Pada adat tradisi Minang kuno seorang laki-laki Minang dituntut untuk bertanggung jawab pada keluarga ibu dan kaum kerabatnya yang sesuku dan sekampung, namun setelah Islam masuk ia juga dituntut untuk bertanggung jawab pada istri dan anak-anak serta seluruh keturunannya.
Seluruh tanggung jawab yang dibebankan pada laki-laki Minangkabau tertuang pada pantun sebagai ajaran dari falsafah pantun adatnya yang berbunyi :
Kaluak paku, kacang balimbiang
Tampuruang lenggang lenggokan.
Anak dipangku, kamanankan dibimbiang
Urang kampuang dipatenggangkan
 
Artinya:
Lekuk pakis, kacang belimbing
Tempurung lenggang lenggokan
Anak dipangku, keponakan dibimbing
Orang kampug dipertengangkan (tenggang rasa).
 
Pantun di atas mengisyaratkan bahwa laki-laki Minang itu bertanggung jawab pada keluarganya yaitu pada anak dari tanggung jawabnya pada keluarga dengan istrinya, juga keponakan (anak dari saudara perempuan) sebagai wakil dari tanggung jawabnya pada keluarga ibunya. Selain itu ia juga dibebani tanggung jawab sosial terhadap orang kampung dan kaum sukunya.

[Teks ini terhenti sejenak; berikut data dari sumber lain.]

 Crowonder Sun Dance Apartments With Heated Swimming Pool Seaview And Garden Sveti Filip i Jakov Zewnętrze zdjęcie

Budaya matrilinial dalam masyarakat Minangkabau adalah suatu bentuk sistem sosial kekerabatan yang pada dasarnya teribentuk untuk tujuan kemaslahatan dan kesejahteraan komunitas masyarakat Minangkabau itu sendiri. Sebagai suatu sistem norma, tentunya tidak semua dari komunitasnya memiliki persepsi yang sama terhadap sistem tersebut. Walaupun begitu secara umum sistem nilai budaya matrilinial adalah bersifat normatif yang secara prinsip berorientasi pada sesuatu yang positif. Prisip dasar nilai normatif dari sistem matrilinial adalah adalah berorientasikan pada beberapa aspek diantaranya :
1) Nilai budaya matrilinial menginginkan anak laki-laki untuk lebih mandiri, baik dalam bentuk financial maupun dalam bentuk personality.

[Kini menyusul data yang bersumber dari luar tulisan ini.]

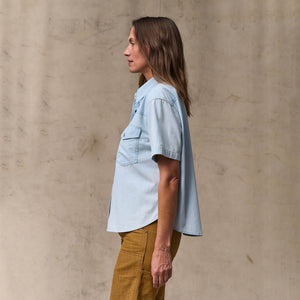 Women's short sleeve chambray western shirt von Filson | Light indigo (Blue)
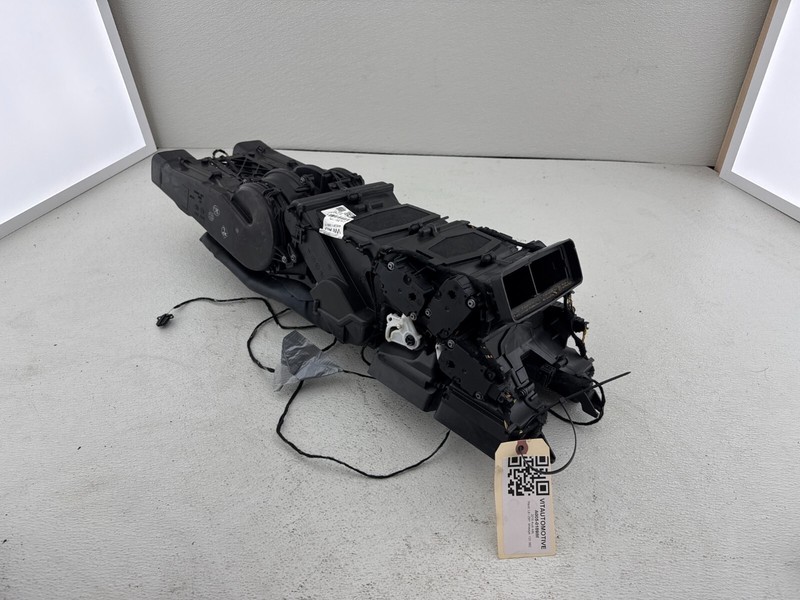 2015 - 2018 AUDI A8 QUATTRO REAR AC Heater Blower Motor Assembly 4H0820004C OEM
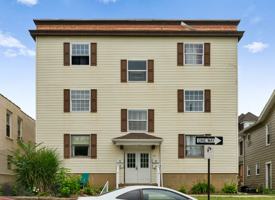 featured image of 531 Main St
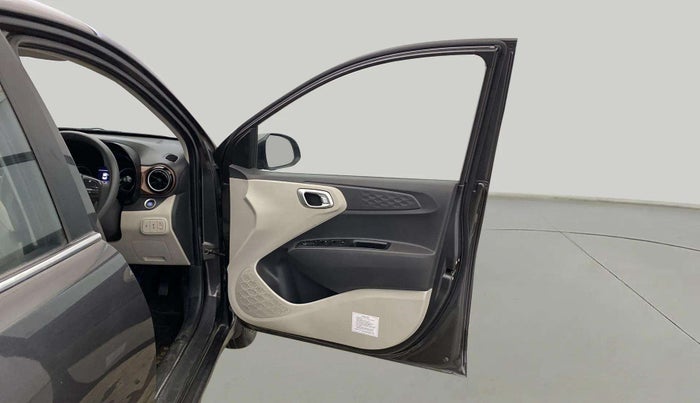 2024 Hyundai AURA SX 1.2 CNG, CNG, Manual, 18,810 km, RHS Front Door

2) Nilai tanggung jawab kaum laki-laki terhadap keluarganya.
3) Nilai perlindungan terhadap kaum perempuan, baik perlindungan dalam bentuk moral maupun dalam bentuk material.
4) Nilai komunalistik yaitu ikatan kekerabatan dalam masyarakat Minangkabau.
Penciptaan karakter individu laki-laki Minang yang mandiri itu dapat dilihat dari pola asuh terhadap anak laki-laki dan sistem pembagian harta pusaka dalam sistem keluarga matrilinial. Pada umur 6-10 tahun anak laki-laki dalam tradisi Minang sudah diajarkan untuk tidur di luar rumah bersama teman sebaya dan kakak laki-lakinya yang sekampung, mereka tidur di surau, langgar atau rumah tinggal dimana tempat itu ber fungsi bagi mereka sebagai tempat belajar Al-quran, ilmu agama bahkan belajar silat.
Pola hidup Rumah Gadang tidak memberikan tempat sebagai kamar tidur bagi anak laki-laki dan anak laki-laki yang tidur di rumah ibunya akan menjadi bahan olok-olokan bagi teman sebayanya dengan perkataan “tidu di katiak amak” (tidur di bawah ketiak ibu), suatu peryataan yang menempatkannya sebagai laki-laki yang pengecut dan anak manja. (Hamka,1984).
Salah satu karakteristik anak dan remaja khususnya laki-laki tidak mau atau jarang sekali meminta uang jajan langsung pada ayahnya, ia selalu meminta pada ibunya atau menghasut ibu untuk memintakannya pada ayah. Dalam urusan pembagian harta warisan pun anak laki-laki pada hakikatnya tidak memiliki hak, karena dalam aturannya ia tidak layak berbagi ataupun bersaing dengan saudara perempuannya, justru ia dituntut untuk mensejahterakan keluarga dan saudaranya.
Sejalan dengan itu berdasarkan pembahasan sebelumnya dari segi hak dan kedudukan serta fungsinya individu laki-laki Minang dalam masyarakat, menempatkan mereka pada posisi individu yang harus aktif dan berfikir realis serta memiliki tanggung jawab besar baik pada diri, keluarga, kaum, adat dan kampung halamannya (R.J.Chadwick 1991). Selain itu dorongan dari adat dan kaum untuk merantau, menuntut ilmu dan mengembangkan perekonomian keluarga dan kaum sekaligus sebagai proses pendewasaan dan perkembangan personality individu remaja
Sebagai individu, laki-laki Minangkabau baru dianggap sukses dalam masyarakat apa bila ia “alah jadi urang” atau sudah jadi “orang” yaitu suatu penilaian terhadap tingkatan keberhasilan seseorang dalam hidupnya baik secara materi maupun secara moril. Menjadi orang adalah individu yang sempurna sebagai manusia mereka dikategorikan kepada; Urang kebilangan yaitu orang yang ternama atau terkenal diantaranya urang dituokan, yang dituakan secara professional dan fungsional, urang pandai yang berilmu, urang bagak, (pemberani), urang kayo (kaya).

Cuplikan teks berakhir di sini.